I think all these problems boil down to the fact that invariant
tells you about the container rather than the object itself; but
whether the object actually is invariant is totally independent
of the container. The genius of D 1.0's const is that it makes an
actual, actionable true statement about the object. That was a
HUGE benefit. This tries to push it back into C territory and I
don't think it works.
I don't think I understand most of this, possibly because some of
it is wrong. D2's immutable does offer a solid guarantee about
what's going on and offers a programming model that makes it easy
to write correct code without undue aliasing. So C doesn't quite
enter into the picture there.

Objects in a container being invariant tell a lot about the
container. That property makes the container shareable without a
risk.

I don't buy that this is going to lead to any MP bonuses either.
Wait and see.

I don't need to wait and see when twenty years of "hinted
optimisation" have had predictable results. If the programmer can set
an incorrect state doing something which he's forced to do, then any
compiler which uses this state as an actual description about the
situation will cause problems because the compiler's opportunities to
apply these optimisations will shift over the course of the
development of the program. Code works, add one line, code doesn't
work. Code works, try it on another machine, code doesn't work.

You are completely, thoroughly losing me. I can only assume you are misunderstanding the role of const and immutable in manycore programming and build from there.

The only way I can see this working is if the compiler really did
have a good idea about the nature of the state, at which point the
programmer's statements are completely superfluous. That's not
coincidentally exactly how we do these optimisations now: determine
whether the state is in such a way that we can do this safely, and
only then actually apply the optimisation.

That can involve automatic MP of a sort - I understand that's the way
the C-based MP systems work, where you tell it that the state of the
program is such and such before letting it go ahead.

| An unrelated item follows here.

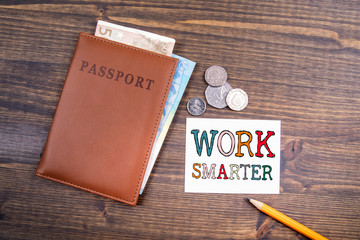 Work smarter. Euro money and British coins with passport. Travel concept, wooden background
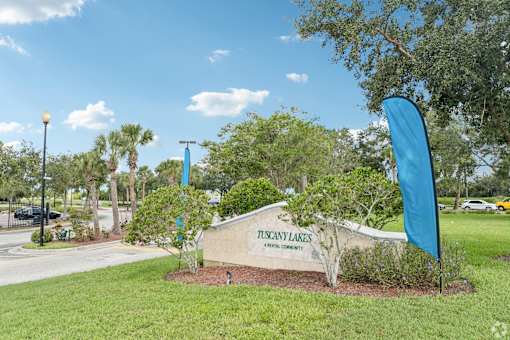 A sign that says Tuscany Lakes is in front of a grassy area.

Fully automatic unambiguous effective parallelisation requires that
everything the programmer says is true. It's not something that can
be stuffed into a language with pointers and external API calls. If
you think you can do that, fine. But you haven't, and nobody else
has, to my knowledge.

I continue being lost. Words assemble in phrases, phrases assemble in sentences, sentences parse properly, but I can't understand one thing. I need to defer a response to others.